Achieving the goal of net-zero emissions by 2050 is achievable but requires the global energy sector to step-up its transformation to renewables.
In a report published Tuesday, the International Energy Agency (IEA) called for action, noting that there is a narrow window of opportunity to change how energy is produced, transported, and used globally.
One of the headline-grabbers was the IEA’s call for no new oil or gas fields.
But environmental campaigners have shifted their focus towards those who finance fossil fuel industries and one Canadian organization believes the IEA report is a game changer.
“In one fell swoop, the IEA’s definitive new outlook forces meaning into empty net-zero pledges made by governments, finance institutions and companies in recent years,” says a statement from Toronto-based Shift Action for Pension Wealth & Planet Health. “Until now, most of these pledges lacked the required honesty, ambition, and planning detail for achieving their stated objectives, often veering instead into dangerous greenwash.”
The organization says that Canada’s major financial institutions have made pledges on net-zero in recent months that are “without a credible plan for achieving the Paris Agreement goals.”
It cites the big five banks who continue to finance the oil and gas industries.
Canada’s energy sector
Canada’s energy sector is well positioned for the transition to a greener economy according to the president of the Explorers and Producers Association of Canada.
Tristan Goodman told the Financial Post that he does not believe the IEA is calling for an end to incremental expansion of oil and gas fields, a direction that Canada is already taking.
In the near term, the IEA report describes a net zero pathway that requires the immediate and massive deployment of all available clean and efficient energy technologies, combined with a major global push to accelerate innovation.
Divestment risk?
Shift Action says that financial outlooks made today should assume that we are successful in achieving climate goals, because to assume that we will not locks-in failure.
“Finance institutions can no longer justify lending, underwriting, insuring, or investing in coal, gas or oil expansion projects, or the infrastructure that facilitates that expansion,” Shift Action says.

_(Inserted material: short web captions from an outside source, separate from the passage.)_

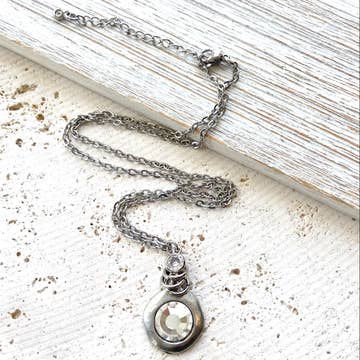 SILVER DOUBLE SWAROVSKI CRYSTAL NECKLACE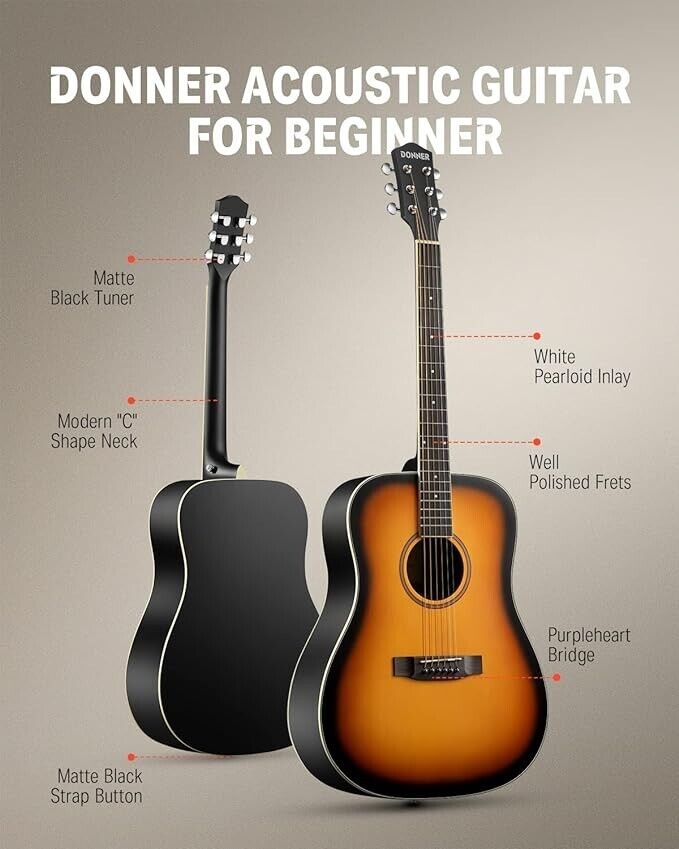Donner Acoustic Guitar for Beginner Adult Full Size Dreadnought 41 Inch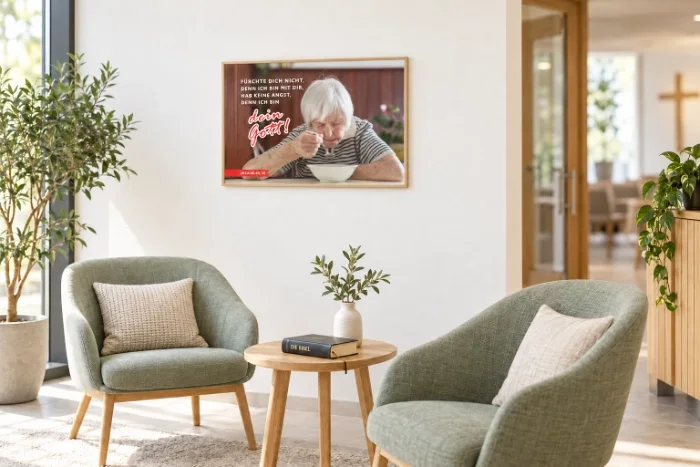 Das DIN-A1-Poster zur Jahreslosung 2027 in einer modernen Gesprächs- und Seelsorgeecke. Eine stilvolle Raumgestaltung für Gemeinden, Beratungsräume, Besuchsdienste und Seniorenarbeit.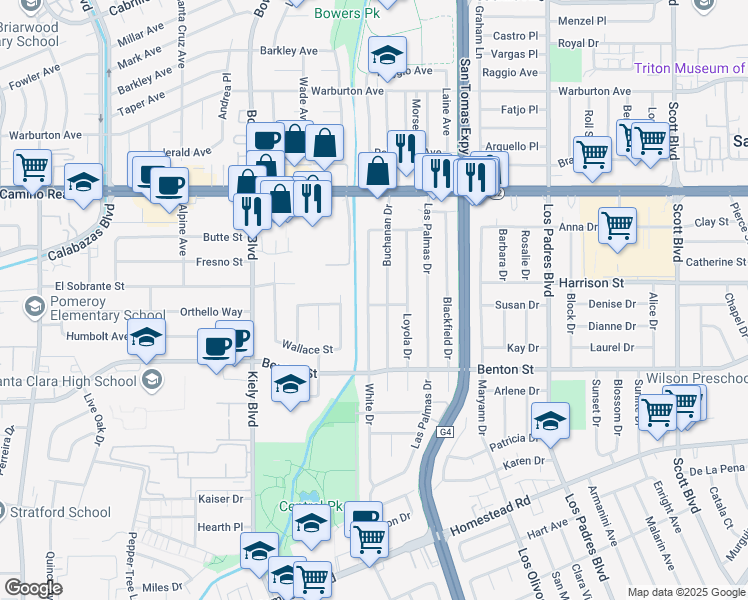 map of restaurants, bars, coffee shops, grocery stores, and more near 1237 White Drive in Santa Clara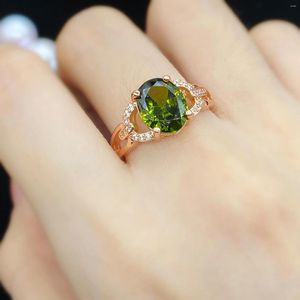 New Grandmother Olive Green Open Ring Cluster Rings Style Oval Imitation Grandmother Olive Green Tourmaline Open Ring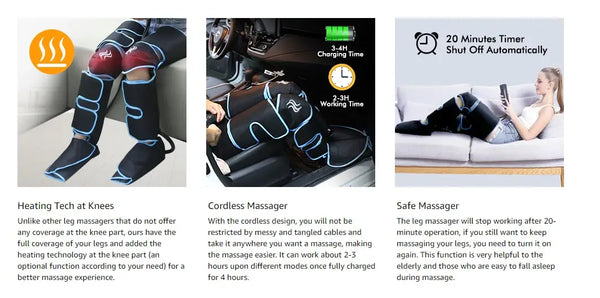 Leg Air Compression Massager with Heat Therapy Foot Calf Thigh Circulation for Restless Legs Syndrome - Grey
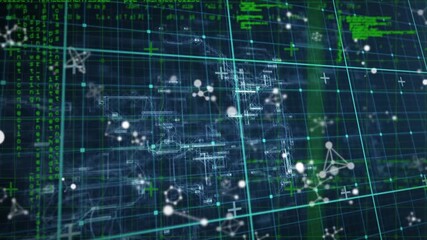 Animation of molecular structures and data processing over grid network against blue background - Powered by Adobe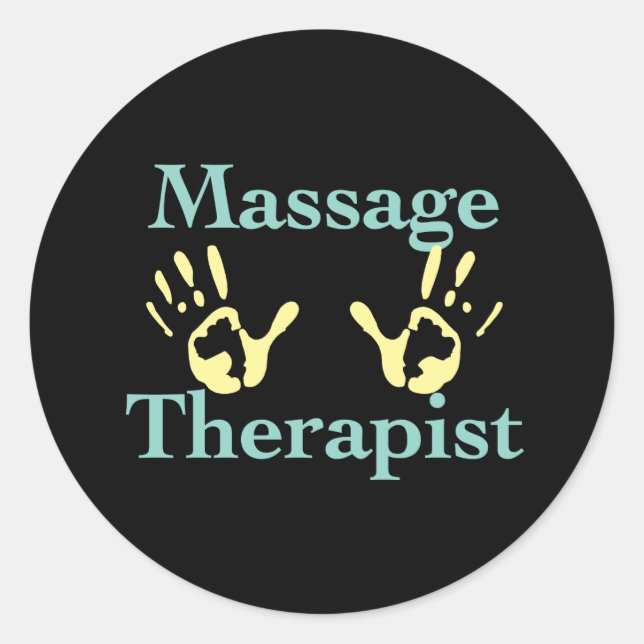 Massage Therapist: Yellow Hand Prints Classic Round Sticker (Front)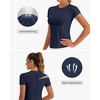 image:imageStelle Women Workout Tops Short Sleeve Seamless Athletic Shirts Yoga Gym Sports Breathable TeesShort Sleevenavy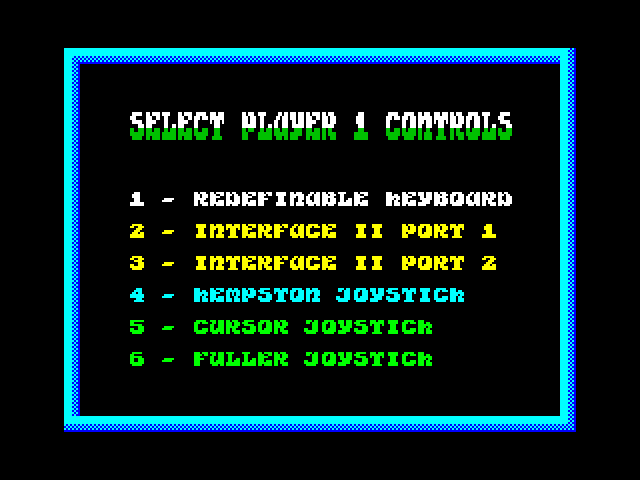 Golden Axe ZX Spectrum Screenshot: Player controls screen.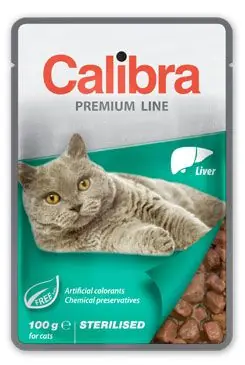 Calibra Cat kapsa Premium Sterilised Liver 100g Nieuw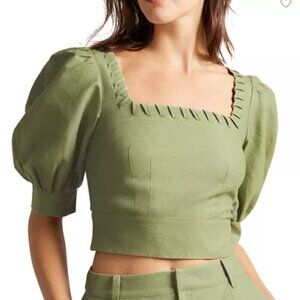 Ted Baker London Daisea Whipstitch Linen & Cotton-blend Top In Green sz 1 (US 4)
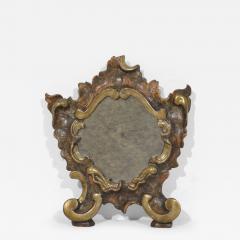 Small 18th Century Italian Handcarved Silver Gilt Baroque Mirror - 4319769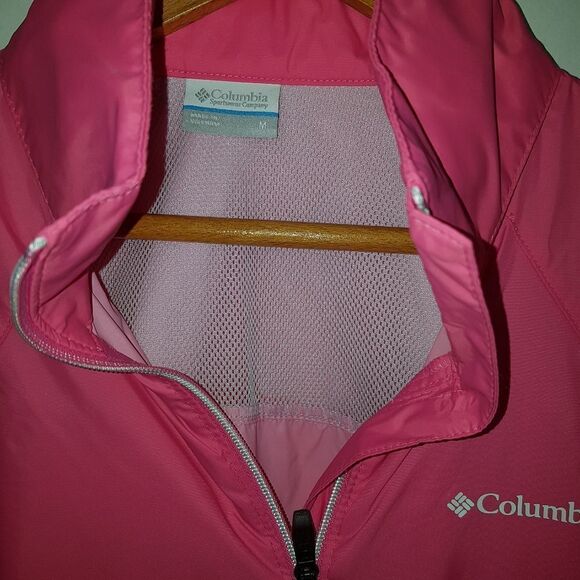 HOST PICK 🩷 COLUMBIA *NWOT* Sportswear Nylon Wind Breaker Pink Medium - Picture 2 of 15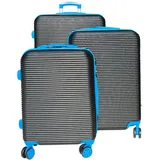 Kofferset Koffer Hartschalenkoffer Reisekoffer  ABS Schwarz Blau 3 TLG Strukturo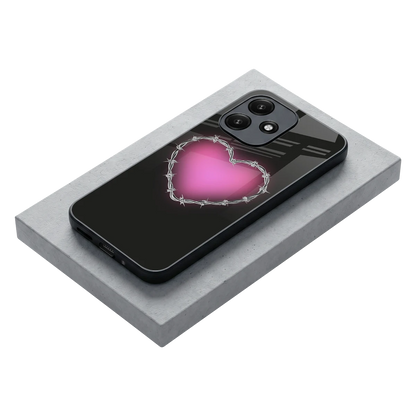 Chained Heart stylish phone case for redmi 12 5g | glossy glass and slim fit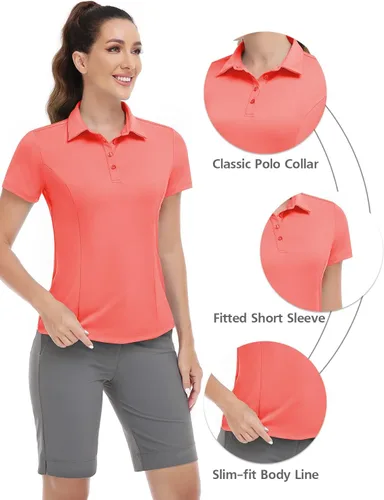 Vista 3 de Hiverlay Women Golf Shirts Polo Shirts for Women UPF 50+ Lightweight Quick-Dry Collared Tennis Daily Shirts Work Tops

However, Peter Tertzakian, an economist and deputy director of the ARC Energy Research Institute, warns that blocking finance from the more transparent lenders in North America risks projects seeking backing from elsewhere such as Russia and Saudi Arabia.
"The divestment movement has just taken capital out of the most transparent and, arguably, most environmentally responsible segments of the global oil and gas industry," he told CBC News.

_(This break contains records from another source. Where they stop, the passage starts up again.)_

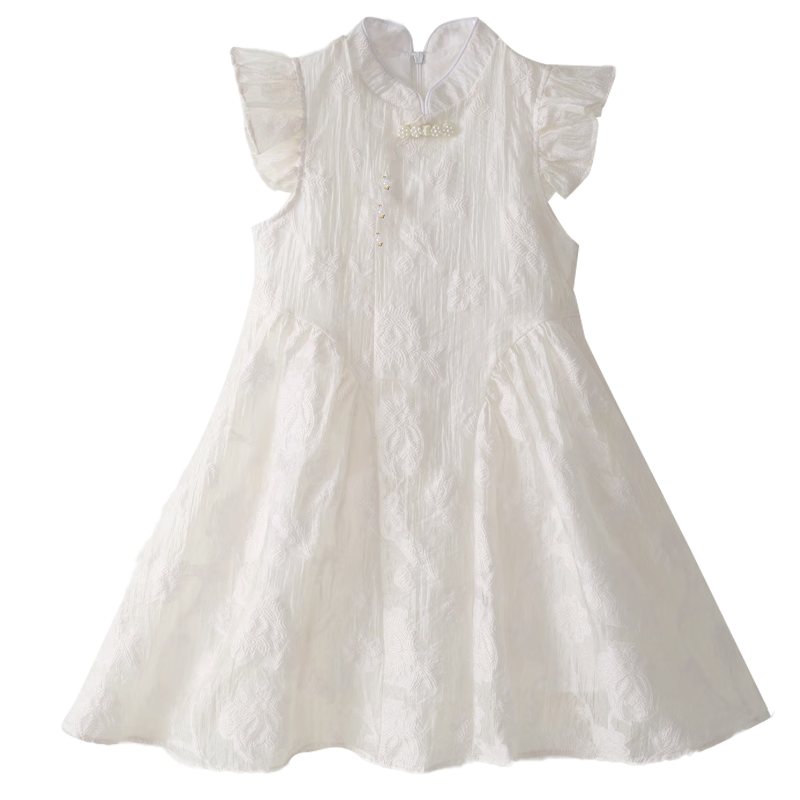 Disney Girls Summer Dress Children's Qipao Dress New Chinese Style Hanfu for Older Girls 1A106 Off-White 160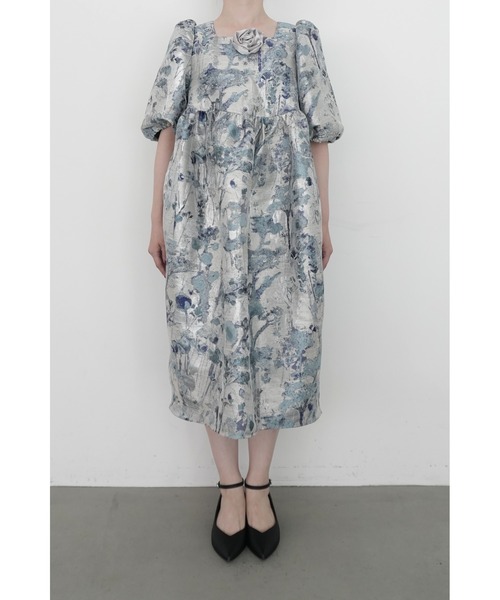 et.UNiVER(エトユニベール)の「1151 Botanical jacquard dress(ドレス・レディース・グレー/ブラウン/ブルー・M-Long/MEDIUM/M-Short)」の12枚目の写真
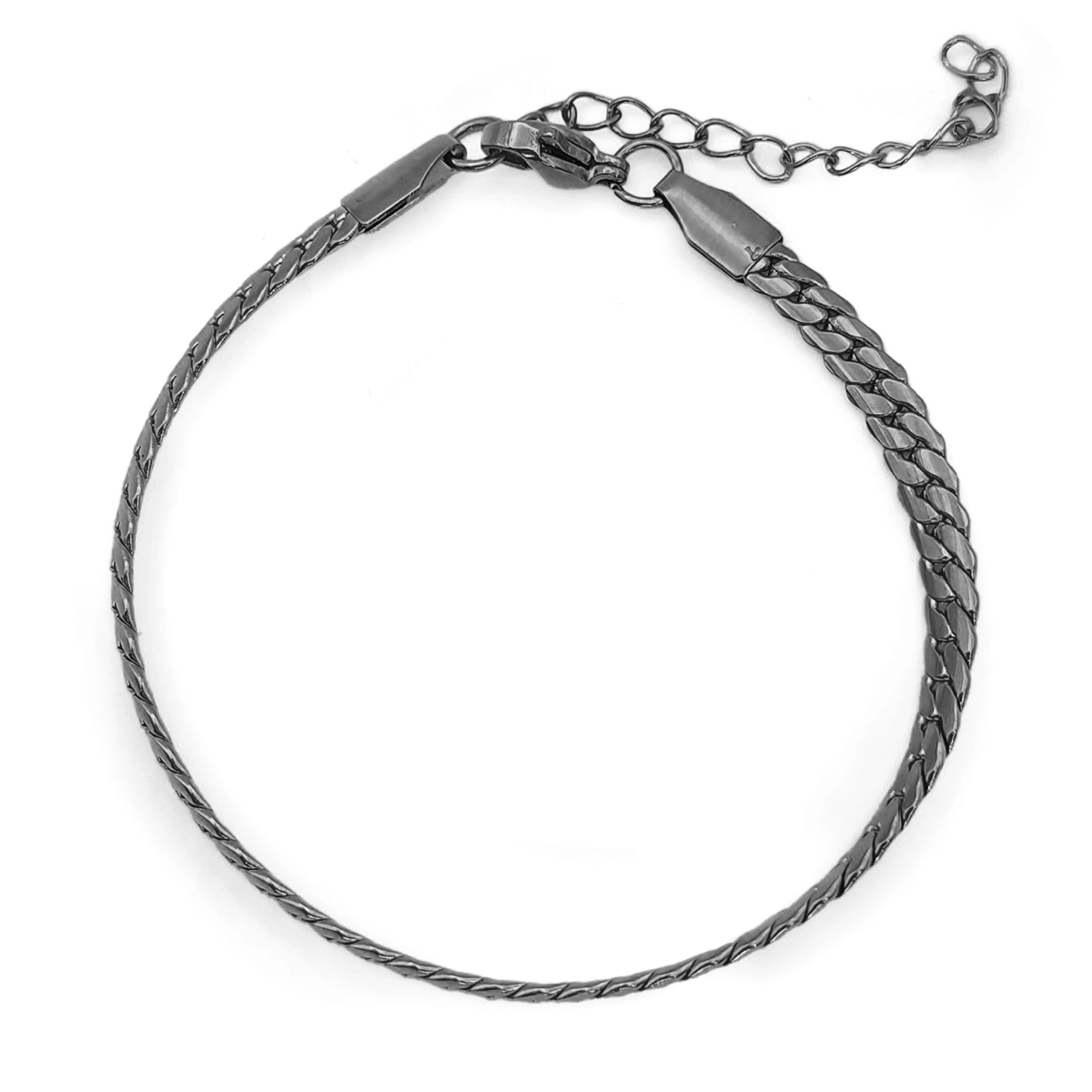 Pulsera Acero Inox Esclava Cubana Planchada Sencilla 4mm 10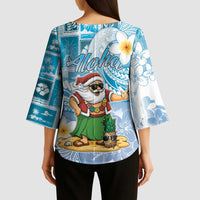 Hawaii Mele Kalikimaka Kimono Sleeve Blouse Hula Santa Retro Style Blue LT05 - Polynesian Pride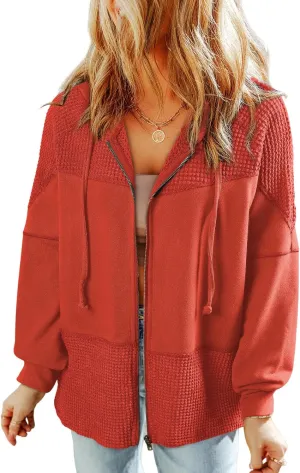 Dokotoo Waffle Knit Hoodies for Womens Zip Up Fall Outfits 2024 Drawstring Casual Oversized Jackets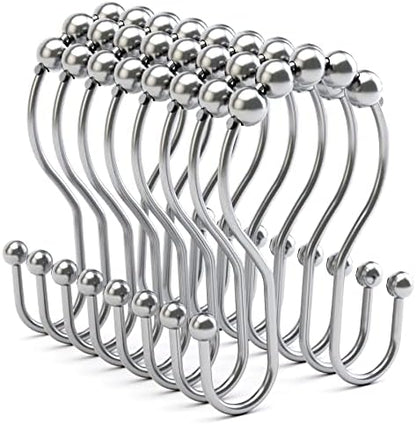 Bathway Shower Curtain Hooks Chrome Shower Curtain Rings Rust Proof, Smooth Glide Double Shower Curtain Hooks, 12Pcs Shower Curtain Hangers, Shower Hooks for Shower Curtain Bathroom Shower Rod Hooks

The IEA’s executive director, Dr Fatih Birol, says the agency’s report provides a roadmap to address the issues of financing and investment in a greener economy, that takes into consideration that different stages of each country, but that it must be a global effort.
“Governments need to create markets for investments in batteries, digital solutions and electricity grids that reward flexibility and enable adequate and reliable supplies of electricity. The rapidly growing role of critical minerals calls for new international mechanisms to ensure both the timely availability of supplies and sustainable production,” he said.